DATASET RECORDS: Begin

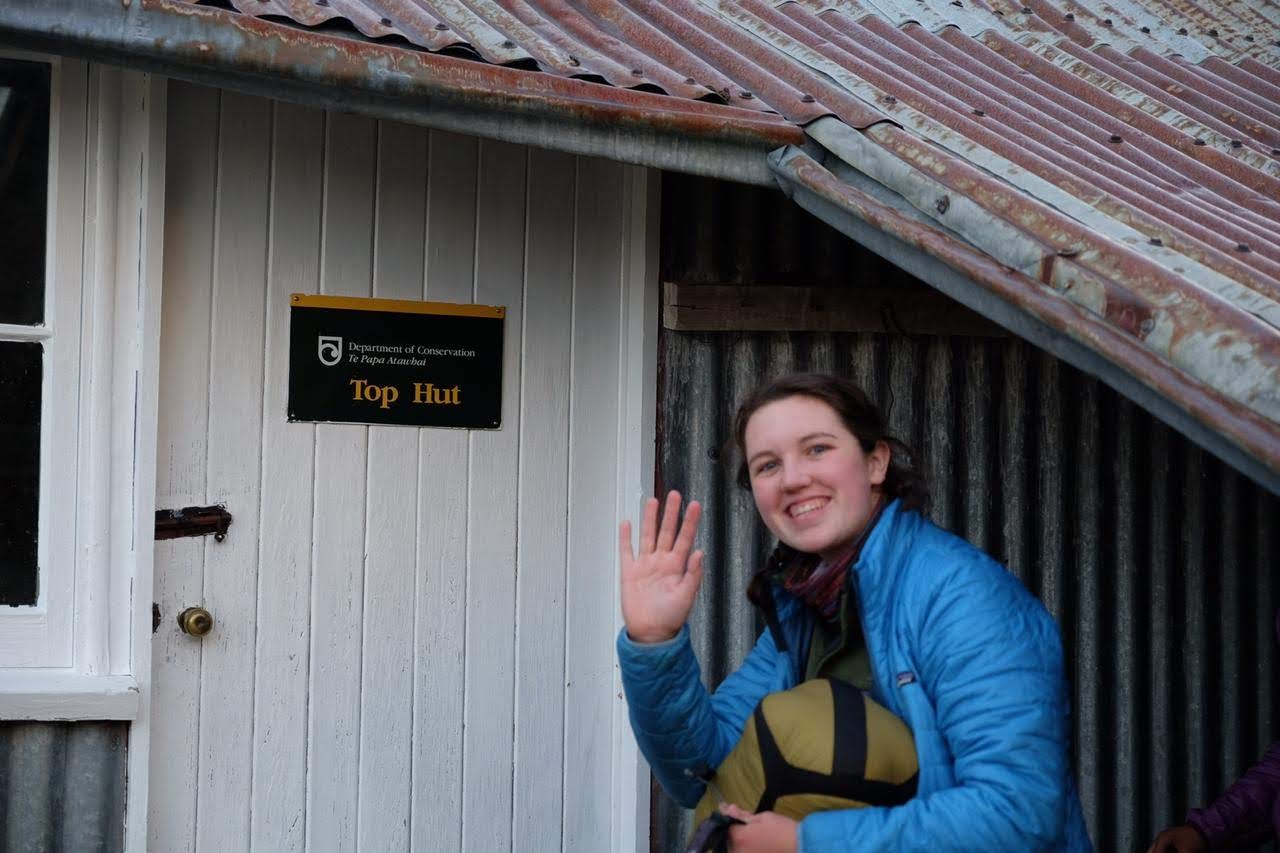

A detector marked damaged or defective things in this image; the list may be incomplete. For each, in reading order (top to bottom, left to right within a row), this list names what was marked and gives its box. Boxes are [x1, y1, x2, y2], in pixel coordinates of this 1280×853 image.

rusted roof edge [0, 0, 798, 185]
white paint peeling on door [154, 79, 655, 850]
rusty corrugated metal roof [2, 0, 1280, 489]
rusted roof edge [768, 143, 1280, 494]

DATASET RECORDS: End

## PROBLEM
Could you copy each line above exactly as written, minus any pictures?

## OUTPUT FOR THIS EXERCISE
A detector marked damaged or defective things in this image; the list may be incomplete. For each, in reading order (top to bottom, left to right within a row), this list names what was marked and gives its box. Boxes are [x1, y1, x2, y2], in pixel coordinates of this 1280×853 image.

rusted roof edge [0, 0, 798, 185]
white paint peeling on door [154, 79, 655, 850]
rusty corrugated metal roof [2, 0, 1280, 489]
rusted roof edge [768, 143, 1280, 494]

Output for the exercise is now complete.